Julie Hopkins, Albert Goodman’s Care Sector Business Developer and Consultant, shares her tips for making your care business agile in these changing times with some business advice for the care sector
As a researcher and business advisor in the care sector, it has been a marathon keeping up with the almost daily guidance in the sector. Numerous articles have been generated from Local Government Associations, care associations, and other social media, in addition to guidance from the national Government. More change from the Regulator is anticipated, with businesses needing to ensure that they are ready and agile for more change with Winter upon us.
We can expect more remote monitoring, with the care sector digitalisation approaching an accelerated rollout. There is no doubt that CQC is seeking a real-time live data system of inspection, which will no doubt make inspection output less likely to be challenged.
As we await the CQC Strategy 21, what action can care providers take in the meantime?
Firstly, there will need to be a greater uptake in the use of technology in the sector. This was clearly demonstrated during the pandemic, but continuous evolution is required to enhance the care service (see our piece “The robots are coming” later in this newsletter for more information).
Secondly, care providers may also be looking at whether the business structure needs addressing – for example, is a care home property asset ringfenced from the trading operation? If a business has several care homes, is each home trading as a separate entity within a group structure?
Thirdly, a possible accelerated outcome of the pandemic is the need to address whether a current property is fit for purpose as a care home. With social distancing, increased infection controls and a greater emphasis on the health and wellbeing of staff as well as residents, should providers consider a refurbishment/building extension programme?
Whilst thinking about sound business advice for the care sector, I have developed some current top tips for care business viability across the board:
Technology: Technology is definitely progressing at a faster pace in the post-pandemic world, and with it there may be opportunities for a Research & Development tax claim. A specialist tax accountant, such as Albert Goodman’s Elaine Grose, can assist in this area.
Care plan quality: The digitalisation of care planning is just the start. Ensuring the quality of the care plan and examining the trends of any output is vital alongside the actual accountancy function.
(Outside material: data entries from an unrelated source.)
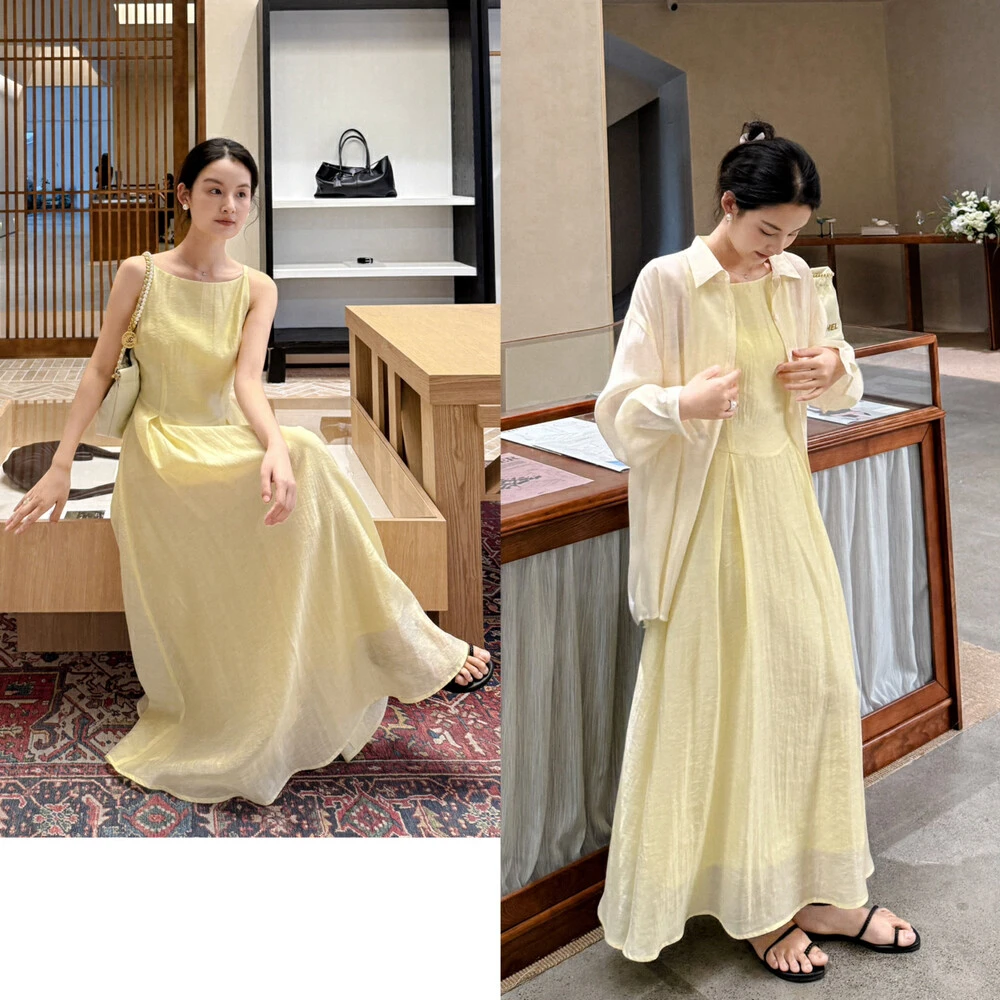 法式高级感纯色温柔风收腰显瘦夏季背心小众连衣裙裙子裙连衣裙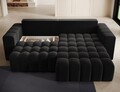 Coltar extensibil dreapta 4 locuri ELTAP, Bon-33, Bonett, 250x175x92 cm, lemn/poliester, negru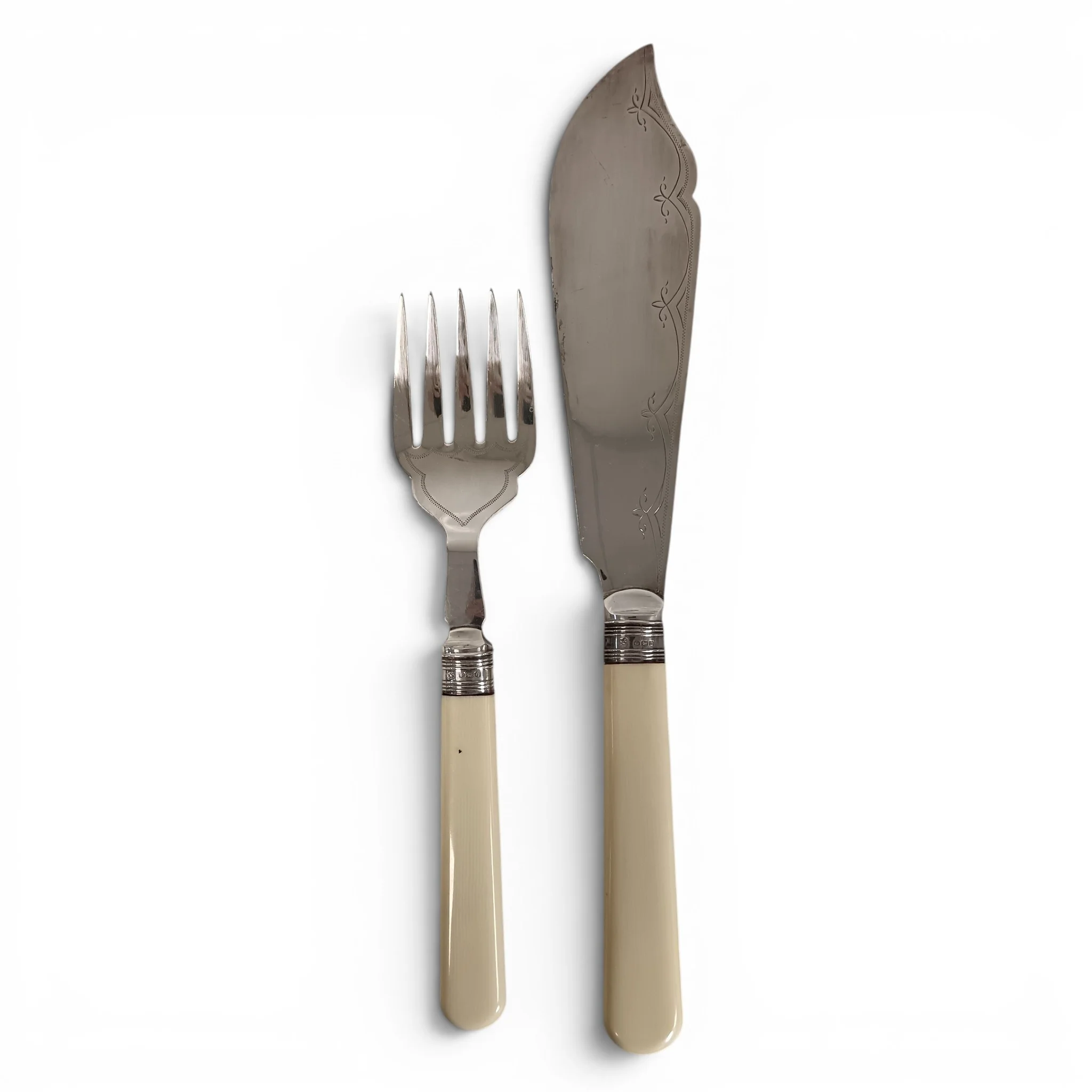 Two Piece Fish Serving Cutlery Set Sterling Silver & EPNS Engraved Design | Pre-loved - Image 3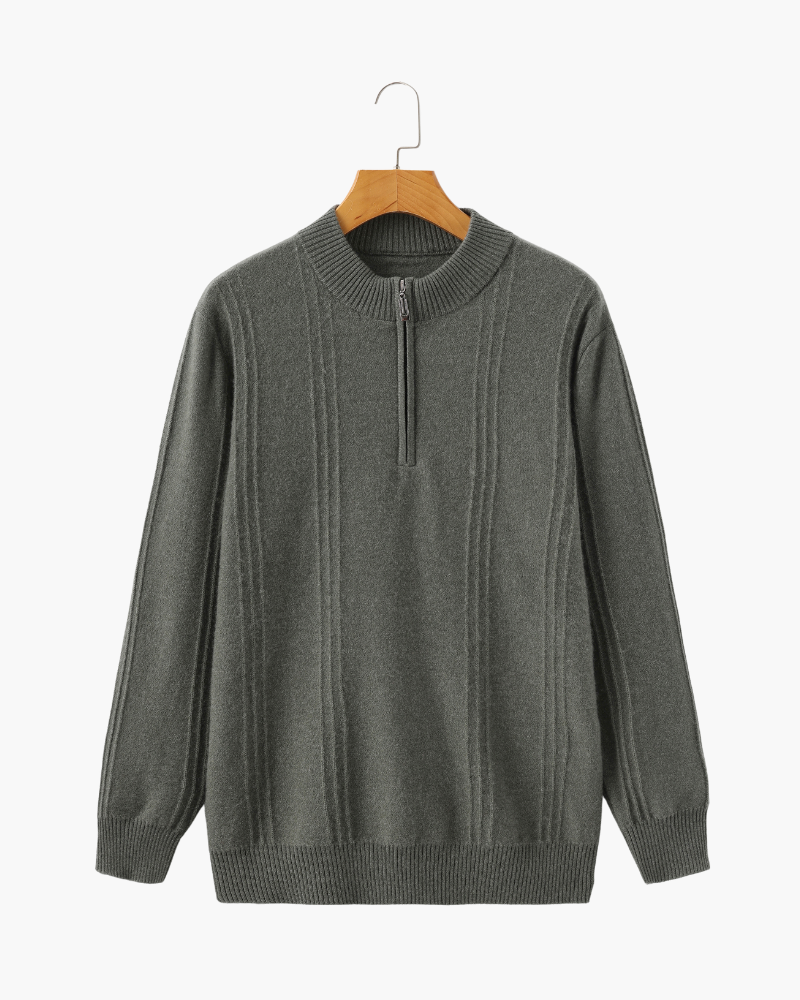 100% rib-strik med halv zip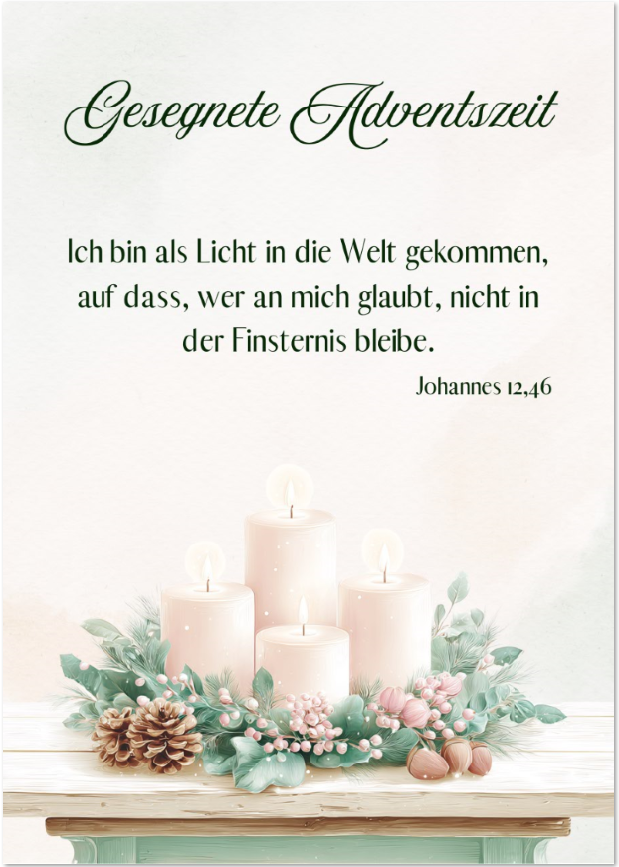 Postkarte Adventskranz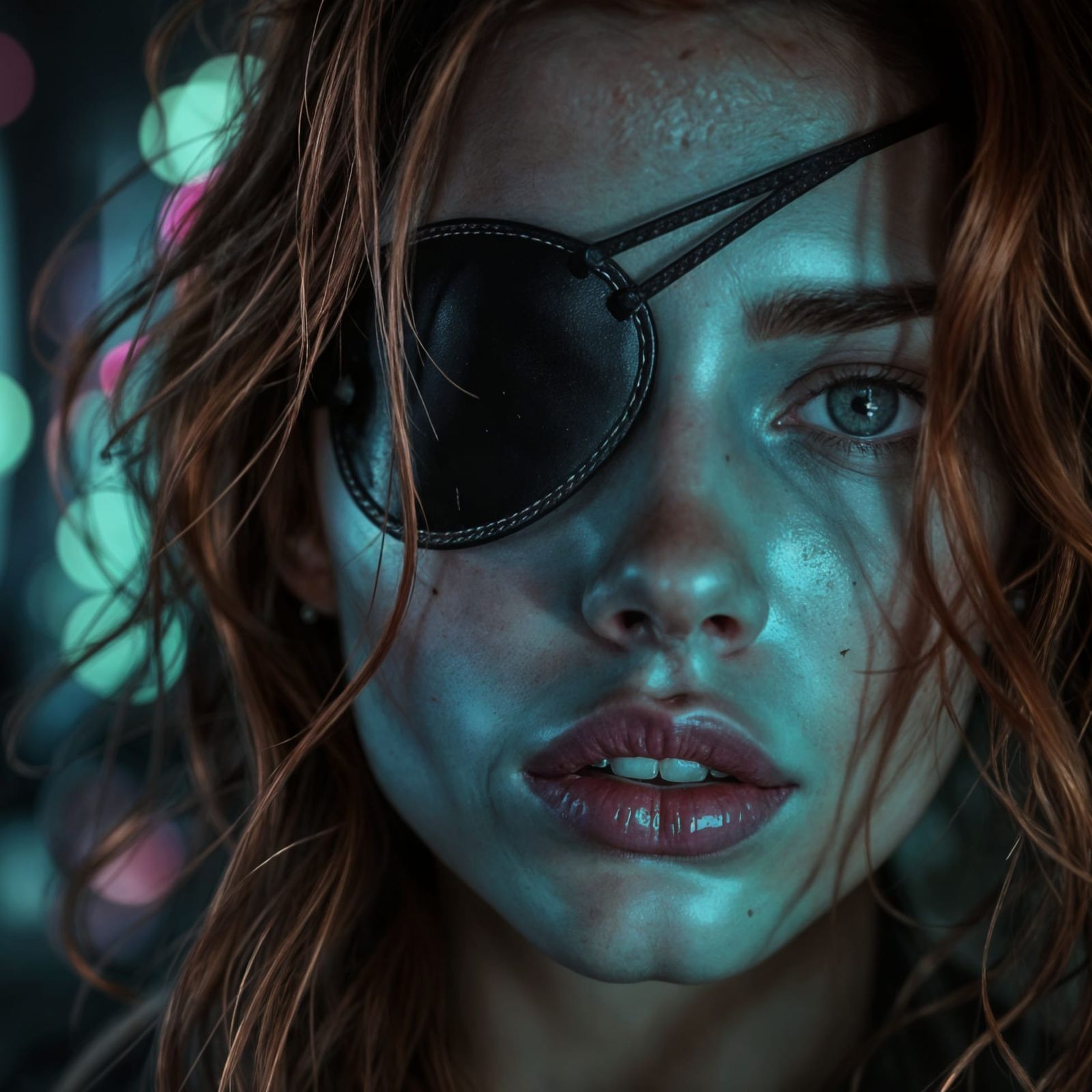 Fiery Redhead with Eyepatch in Cinematic Lighting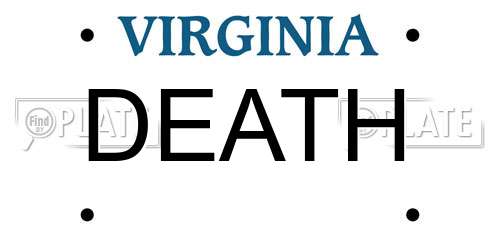 DEATH Virginia License Plate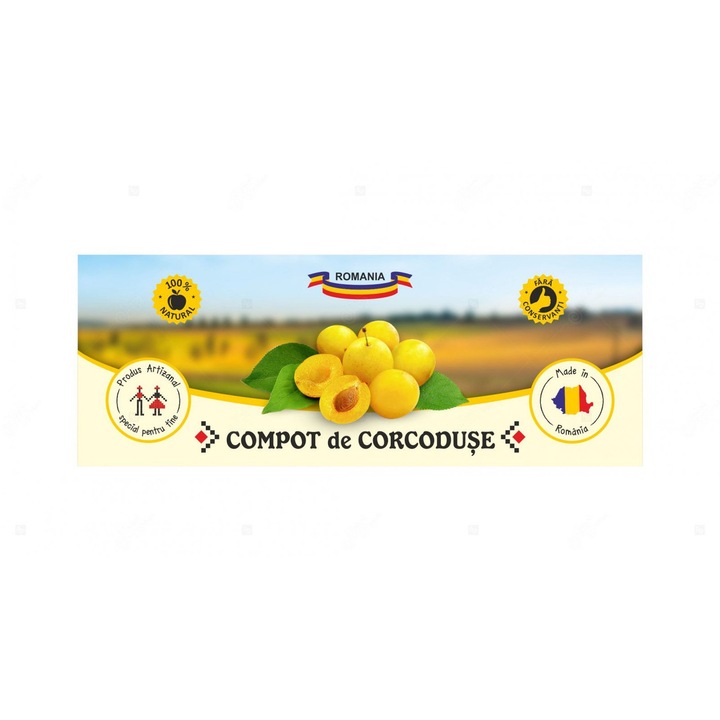 Set 100 Etichete borcan compot de corcoduse, autoadeziv usor de aplicat, autentic Romanesc, Cri-Flo, dimensiune 54x144 mm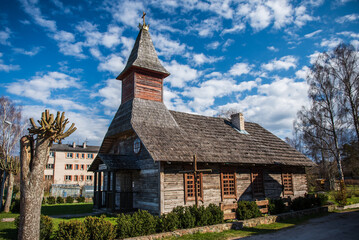 Fototapeta na wymiar Wooden catholic church in Kolka village, Latvia.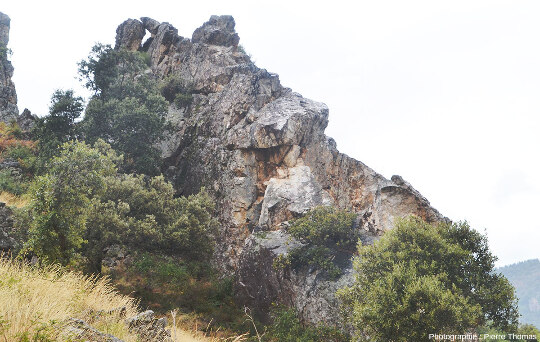 Zoom sur le filon de quartz, près du vieux hameau du Ronc de la Rège (Lozère)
Auditing data output and evidencing recommendations with follow-up action is an important part of ongoing CQC inspection preparation.
Restructures, risk and audits: Business restructures, whether it is an incorporation of a sole trade or partnership, or a review of the overall company structure taking into account tax and accountancy aspects alongside an assessment of risk and corporate governance, will most likely be accelerated as business life rejuvenates. As a business adapts and grows, audit may be a current and future requirement. As with other services, audits of financial statements and cash-flow and management accounts, and reviews for investor needs are becoming more demanding. Speaking to a care sector audit specialist will be increasingly important in this new world. The pandemic has illustrated the need for larger rooms with en-suite facilities as part of a risk assessment/ isolation policy, alongside relative/resident meeting hubs, green space, additional storage capacity for PPE, and staff space.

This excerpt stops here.